Waikato Regional Council senior manager Patrick Lynch has been coordinating the national guidelines for regional and district councils.
"The RMA [Resource Management Act] as it stands currently is silent on the storage and stockpiling of tyres, of end-of-life tyres, so where it should fall is in the separate district and regional plans that would normally control that kind of activity.
"Unfortunately there's 74 of those around the country so it takes a heck of a long time and the chances of getting them consistent is remote, and so what we identified quite early on in this project is that national guidelines and regulations were needed."
Fires were extremely problematic with large piles of tyres, Mr Lynch said.

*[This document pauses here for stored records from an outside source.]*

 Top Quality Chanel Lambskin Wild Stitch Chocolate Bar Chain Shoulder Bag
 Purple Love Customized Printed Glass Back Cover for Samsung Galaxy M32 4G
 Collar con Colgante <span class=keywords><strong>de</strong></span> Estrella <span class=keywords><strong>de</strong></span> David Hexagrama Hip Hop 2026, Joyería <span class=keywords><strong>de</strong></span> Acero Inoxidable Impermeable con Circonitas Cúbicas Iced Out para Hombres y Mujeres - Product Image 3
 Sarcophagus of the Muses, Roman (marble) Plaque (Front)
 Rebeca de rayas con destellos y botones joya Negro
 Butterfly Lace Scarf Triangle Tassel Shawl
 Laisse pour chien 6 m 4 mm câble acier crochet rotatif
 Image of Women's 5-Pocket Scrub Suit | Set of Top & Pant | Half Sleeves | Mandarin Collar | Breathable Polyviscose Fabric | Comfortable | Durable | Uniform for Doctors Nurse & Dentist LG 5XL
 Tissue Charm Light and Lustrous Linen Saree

"[The Fire Service] tell us tyre fires are incredibly hard to fight. So what we're trying to do is bring in guidelines that will reduce either the risk of fire or the consequence of fire.
"But the reality is, if the plume [of smoke] was heading towards a populated area, you'd be wanting to evacuate."
Mr Lynch said there were some meaningful limited uses for end-of-life tyres.
"People say that they need to stockpile a certain number so they have got a critical mass that they can work with.
"They can be used as a reasonable industrial fuel, but of course the by-product from the burning and combustion ... there's a fair bit of technology and infrastructure required."
He said a specialised factory would be needed to contain the emissions from using the tyres as fuel.